The Tennessee Walking Horse, Hackney, and Saddlebred are breeds that are synonymous with their iconic high-stepping gait. Competitors have historically done better in the showring with horses that have the most exaggerated form of this gait, known as the “big lick”. Nowhere is this more coveted than in Tennessee Walking Horse shows in the southeastern United States, particularly Tennessee and Kentucky.
But the history of this breed of high steppers is controversial. While the breed has a natural level of high step, to increase it for the showring many trainers resort to what is called “soring.”
Soring is defined as “the intentional infliction of pain to horses front limbs to induce an artificial high-step,” or “big lick.”
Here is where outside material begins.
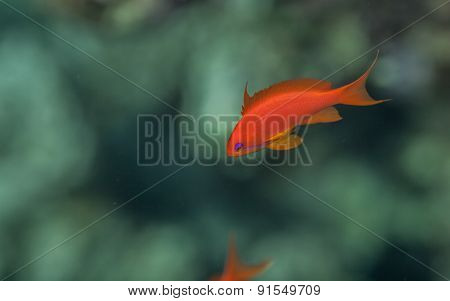 Sea goldie male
The advocacy group Animal Wellness Action (AWA) who run a campaign to ban the practice, has a more detailed description on its website: “The abusive practice of “soring” is when morally bankrupt trainers intentionally inflict pain on a Tennessee Walking Horse’s hooves and legs to force the horses to perform an exaggerated, high-stepping gait to obtain an unfair advantage at horse shows. Caustic chemicals are applied, and plastic wrap is used to cook the chemicals directly into the horse’s flesh for several days. Chains are attached to strike the wounds, and screws and nails are driven into the sensitive tissue of their hooves with the purpose of causing pain that will cause the horses to raise their legs and perform the exaggerated gait. These horses are subjected to constant severe pain.”
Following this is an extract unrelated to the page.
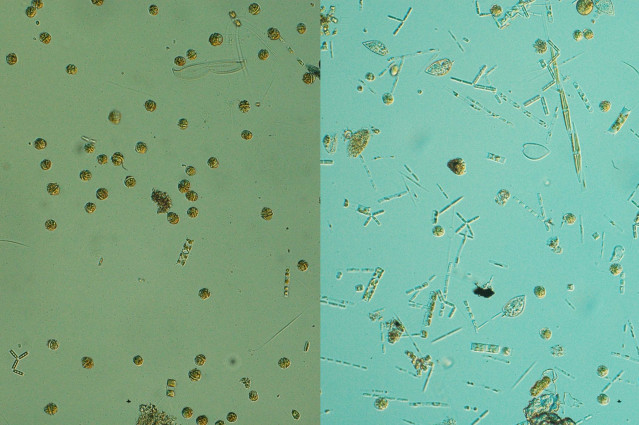 Estudio sobre algas nocivas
There has been a movement to ban soring in the US, starting with the Horse Protection Act (HPA) in 1970, which always lacked adequate funding for enforcement. Adding to the fight for a ban, was the U.S. Senator Joseph D. Tydings Memorial Prevent All Soring Tactics (PAST) Act which passed through the U.S. House in 2019. Again, enforcement was an issue.
But that changed this year when Congress included in its appropriations, increased highest funding for the HPA, with The House approving $3,400,000 for 2022, and a Senate bill providing an additional $2,340,000, also for 2022. This is a major leap forward, prior to 2019, the federal funding never got past $700,000.
AWA, formed in 2018, has worked to get the increased funding. The horse industry and animal rights community have known that a dearth of HPA funding for enforcement has allowed soring events to continue unchecked in Tennessee and Kentucky. AWA also worked to secure HPA funding for 2020 in the amount of $1,000,000, and $2,009,000 for this year. The AWA has worked closely with leaders in the Tennessee Walking Horse industry who’ve admitted that the cruel practice needs to stop, as well as members of the Tennessee and Kentucky Congressional Delegations.
“We applaud appropriators in Congress for responding to our pleas to end soring by providing record-breaking funding to wipe-out this painful scourge that’s marred the show horse world since the 1950’s,” Marty Irby, executive director at Animal Wellness Action, and a past president of the Tennessee Walking Horse Breeders’ & Exhibitors’ Association who was honored by Her Majesty, Queen Elizabeth II in 2020 for his work to end soring, said in a press release. “While legislation that would also help stamp out soring continues to flounder in Congress, we remain steadfast in exploring new avenues and opportunities to work with leaders in the breed on provisions that we can all agree upon.”
The practice isn’t exclusive to Tennessee Walkers either, soring has also been a blight on the Alabama Racking Horse breed too. So it was no surprise that one of the senators who backed the budget increase, Senate Appropriations Ranking Member, Richard Shelby, a Republican, hails from Alabama.
The increase funding will go a long way towards enforcing the PAST Act, the goals of which are clearly written on the AWA site, preventing the industry’s “self-policing, banning the use of large stacked shoes and ankle chains, strengthening penalties, and making it illegal to sore a horse for the purpose of showing or selling it.”
We hope to be reporting on the progress of the PAST Act in the future.